▼
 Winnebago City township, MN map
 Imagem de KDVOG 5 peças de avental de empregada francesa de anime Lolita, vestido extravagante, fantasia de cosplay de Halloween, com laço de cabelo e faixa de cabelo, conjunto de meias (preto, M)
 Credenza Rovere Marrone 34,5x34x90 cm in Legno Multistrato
▲
» Work instructions
All lines from the one that contains "Imagem de KDVOG" through the end of the listing above should be copied exactly, with nothing else.

» Answer to the exercise
 Imagem de KDVOG 5 peças de avental de empregada francesa de anime Lolita, vestido extravagante, fantasia de cosplay de Halloween, com laço de cabelo e faixa de cabelo, conjunto de meias (preto, M)
 Credenza Rovere Marrone 34,5x34x90 cm in Legno Multistrato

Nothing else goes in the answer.